The focus among precious metals investors right now isn’t on gold, but on the gold mining stocks. In the last few sessions the actively traded gold and silver mining shares have experienced a comeback of sorts. This bullish performance was signaled last week by a big spike in the 4-week new highs-new lows indicator for the miners and is still supported by short covering. In today’s comments, I’ll argue that the gold price itself will soon benefit from the surging gold stocks.
The NYSE Arca Gold Bugs Index (HUI) added to its recent gains by closing 2.25% higher on Wednesday. The HUI index has now closed more than two days higher above its 15-day moving average, a feat it hasn’t managed to do since early July. The July breakout signal above the 15-day MA was quickly reversed and wasn’t confirmed by the internal momentum indicators utilized in this report. This time around, however, HUI is a fighting chance at continuing its rally and retracing its August-September losses.
My basis for believing that HUI can have a meaningful rally is based on the 4-week rate of change (momentum) indicator for the gold stocks. This indicator is based on the cumulative new highs and lows for the 50 most actively traded U.S. and Canadian gold mining and exploration companies. With this indicator currently rising in a linear fashion, the immediate-term path of least resistance for the gold shares is currently up. As long as this indicator continues rising, the rally in the HUI index should continue.
As we’ve talked about in recent commentaries, the bullish reversal in the internal momentum profile for the actively traded gold mining and exploration stocks has finally brought some good news to the sector. Not only have the beaten-down mining stocks gotten a much needed lift, but it also appears that even the bullion price will benefit from the improvement in the miners. This is based on the historical tendency for an extended rally in the gold mining stocks to lead rallies in the physical gold price.
It's not just the mining stocks which are signaling a possible reversal for gold, however. Another possible support for a gold turnaround is the long position that a major investment bank has reportedly taken in the yellow metal. According to a Sharps Pixley report, it appears that JPMorgan has initiated a long position in gold after being net short for a prolonged period. The buzz this rumor has generated has been enough by itself to increase interest in gold among retail traders recently. Of greater importance, however, if this report is true then gold will have a strong institutional backing from which a meaningful turnaround can be launched.
From a technical perspective, a 2-day higher close above the 15-day moving average is needed for gold to confirm an immediate-term (1-4 week) bottom. This hasn’t happened yet, but Wednesday’s suggest a breakout attempt is now underway. The iShares Gold Trust (IAU), my favorite gold ETF, closed slightly above its 15-day MA on Wednesday and is below the $11.60 level as of this writing. You’ll recall from our previous discussions that the $11.60 level is the pivotal high from the Aug. 25 session. This serves as IAU’s highest closing price in the last five weeks since its bottoming attempt first began. A close above $11.60 would technically confirm a bottom for IAU based on my trading discipline. It would also likely serve as a catalyst for additional covering of the huge short interest which has built up in the gold market in recent months. The gold bears must surely be getting nervous right now after the latest run-up in the gold mining shares and it’s not hard to envision them covering their shorts after gold shows the first sign of strength.
Meanwhile the U.S. dollar index (DXY) is still technically in an intermediate-term (3-9 month) uptrend and hasn’t yet shown persistent weakness. However, the dollar index has spent the last six consecutive sessions below its widely watched 50-day moving average. While there is nothing inherently magical about the 50-day MA, the fact that so many traders and investors pay homage to this trend line gives it a psychological significance. To date, the fact that DXY remains slightly under its 50-day MA hasn’t resulted in a rush to the exits for dollar bulls and move into gold. But the fact that DXY is under its 50-day MA is sufficiently significant to shine a spotlight on gold as a potential value play given how beaten down and “oversold” it is on an intermediate-term basis. For perspective, gold prices have declined 12 percent since peaking in April.

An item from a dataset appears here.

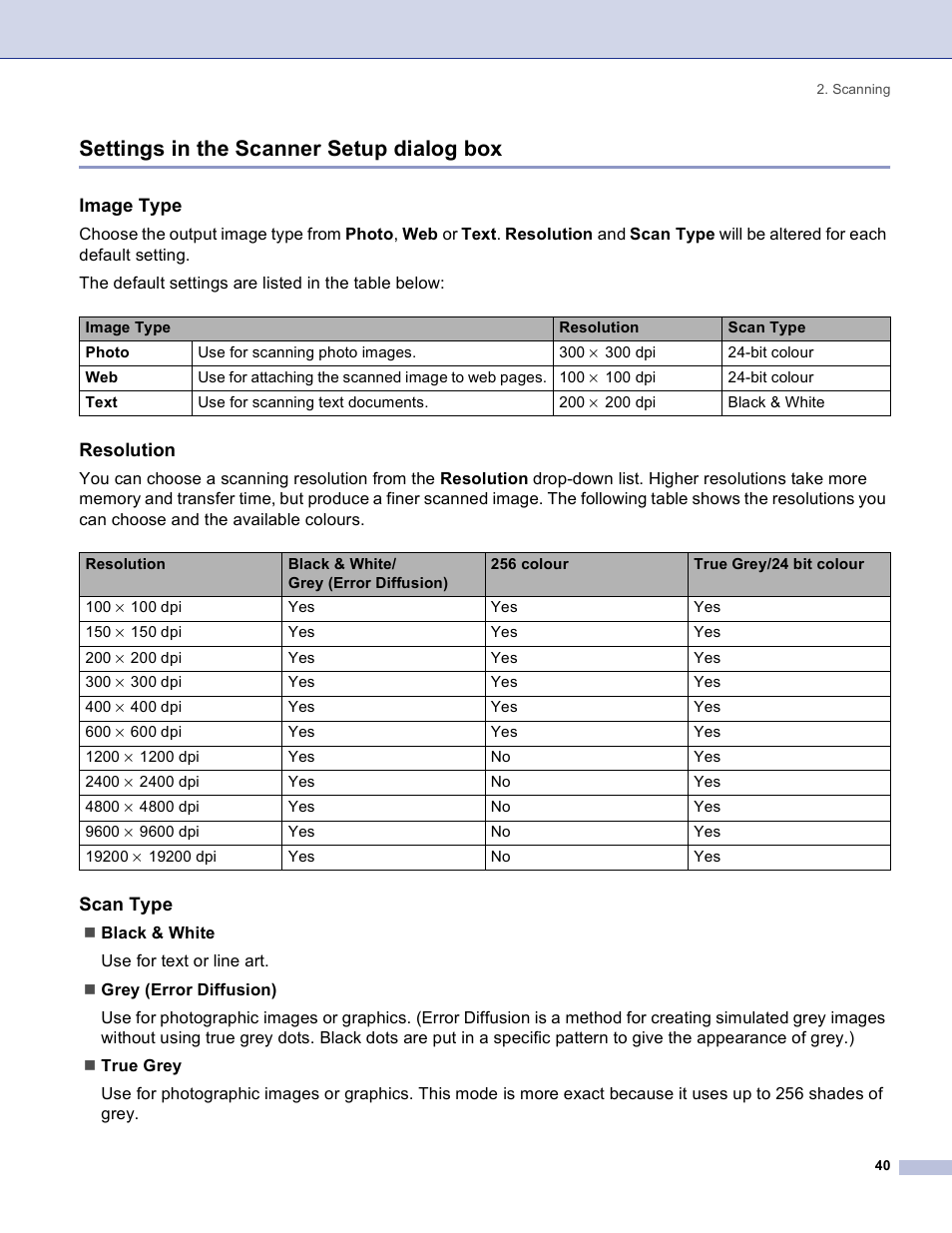 Settings in the scanner setup dialog box, Image type, Resolution | Scan type | Brother DCP 8060 User Manual | Page 46 / 182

After several weeks of a torpid market environment with little action, things are finally starting to heat up again in the precious metals arena. The gold stocks are showing definite signs of liveliness, and even the gold price itself is inching higher day by day in response to the bullish short-term momentum shift in the mining stocks. Moreover, if rumors of a major U.S. investment bank reversing its bearish position on gold are true, gold will have a strong basis for a meaningful short-covering rally in the coming weeks.
In the mean time, no action need be taken among gold investors just yet. While a gold short-covering rally could easily ignite at any time in the coming days, I still recommend a defensive posture for now. To reiterate my assessment from last week, the iShares Gold Trust (IAU) also must close above the $11.60 level to complete an immediate-term bottom signal per the rules of my trading discipline before it can be safely purchased. For now I recommend that investors remain in cash.
Disclosure: I/we have no positions in any stocks mentioned, but may initiate a long position in IAU over the next 72 hours.
I wrote this article myself, and it expresses my own opinions. I am not receiving compensation for it (other than from Seeking Alpha). I have no business relationship with any company whose stock is mentioned in this article.